In light of this announcement, IOM calls on all countries to adopt similar migrant-inclusive approaches, to ensure that as many lives as possible can be saved.
“COVID-19 vaccines provide the opportunity we have been waiting for, but only if we use them wisely and strategically, by protecting the most at-risk first, no matter their nationality and legal immigration status,” warned IOM Director General António Vitorino. “I applaud those Governments choosing the path of inclusion and solidarity for their vaccine roll-outs.”.
According to the COVAX Facility – the multilateral mechanism created to ensure equitable distribution of COVID-19 vaccines – immunization campaigns have already started in over 50 countries.
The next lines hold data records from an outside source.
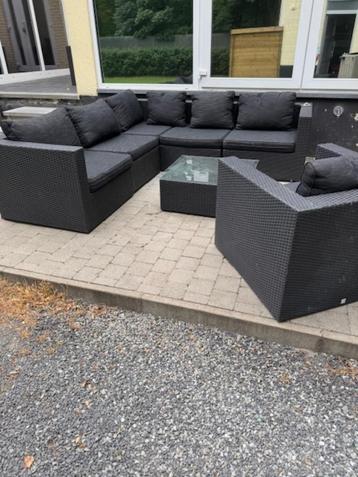 loungeset beschikbaar voor biedingen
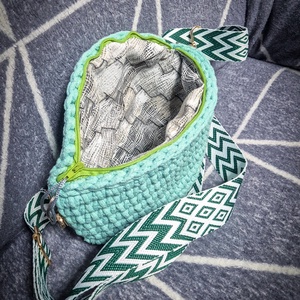 Világoszöld horgolt crossbody övtáska, Táska & Tok, Övtáska, Horgolás, Varrás, MESKA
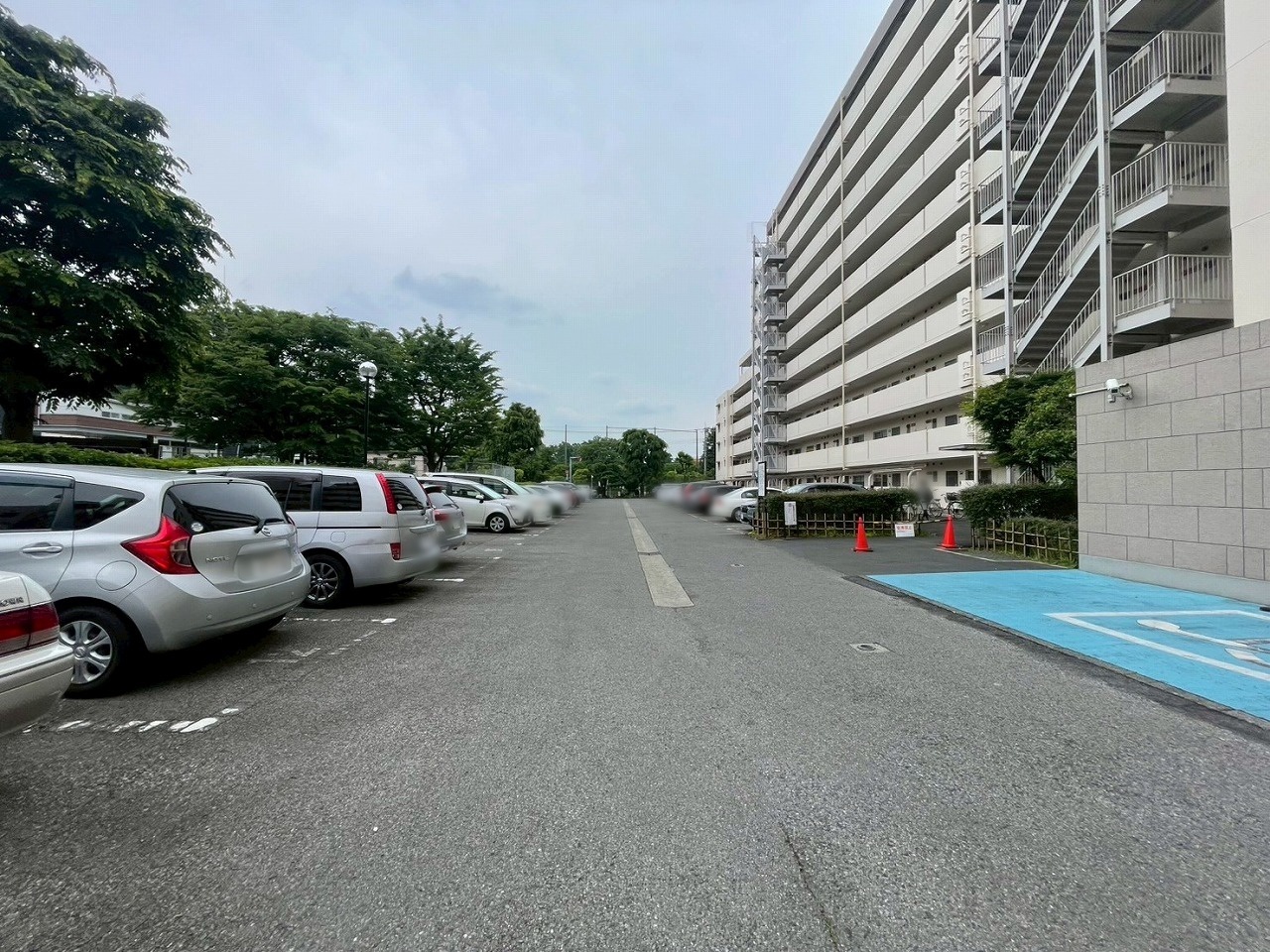 駐車場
Many countries have yet to release their prioritization strategies for the vaccine roll-outs, but the United States, Germany and Jordan, among others, have already announced various measures to provide access to the vaccine equitably, including to asylum seekers, migrants in irregular situations and forcibly displaced persons. Last year, similar migrant-inclusive approaches were adopted for COVID-19 testing, treatment and social services in Ireland, Malaysia, Portugal, Qatar and the United Kingdom.
To facilitate truly effective and equitable immunization campaigns, IOM is working closely with the COVAX Facility, Member States, the World Health Organization, and other partners, and recommending that national authorities adopt practices to account for all migrant, such as:
Ensuring an adequate number of vaccine doses is planned for and procured to include migrants in-country, and that delivery systems are fit-for-purpose;
Reducing the number of administrative hurdles for migrants to access health care and vaccines, including high costs and proof of residence or identity.
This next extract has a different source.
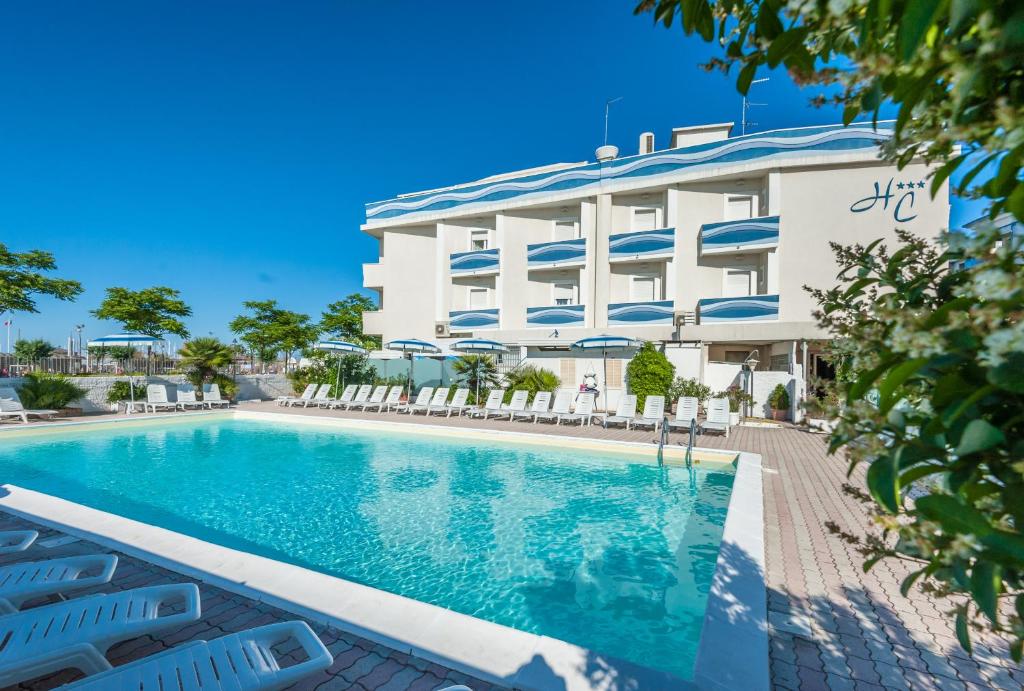 una piscina di fronte a un hotel di Hotel Corinna a Rimini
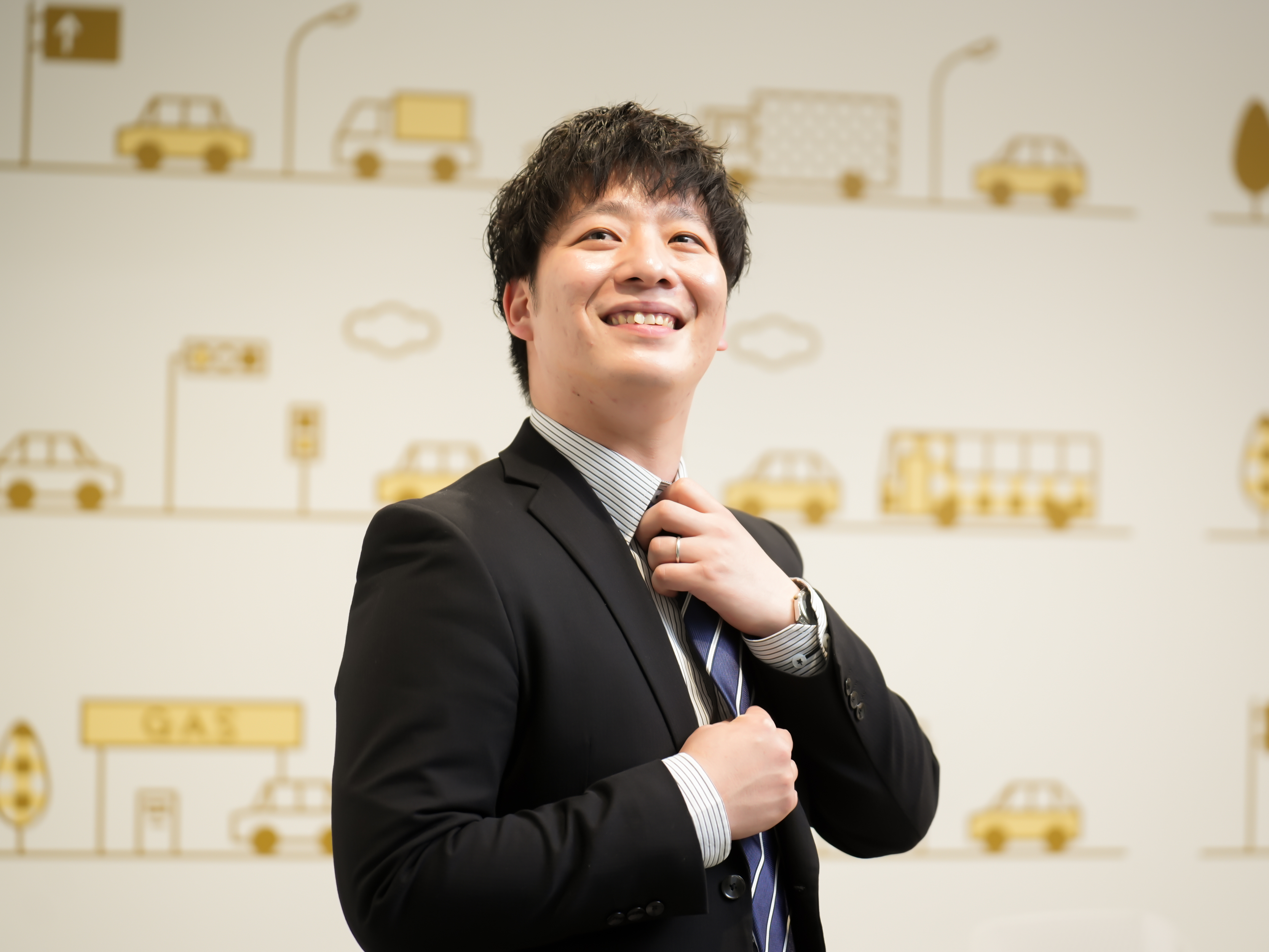 【社員インタビュー✏️本社営業職メンバー】半年で昇給の秘訣は！？未経験から営業に挑戦！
Actively reaching out to migrant communities through linguistically and culturally competent communication methods to build trust, inform and engage in programming;
Offering guarantees that vaccination will not lead to detention or deportation;
Strengthening health systems and setting up mobile vaccination mechanisms where needed to ensure last-mile distribution.
“Migrants play an enormous part in our socioeconomic development and collective well-being. Despite this, many migrants have remained disproportionately exposed to excessive health risks through their living and working conditions and have continued to face tremendous challenges in accessing COVID-19 and other essential health services,” said Director General Vitorino.
“If we are not careful and deliberate about including migrants in vaccination plans, we will all pay a higher price.”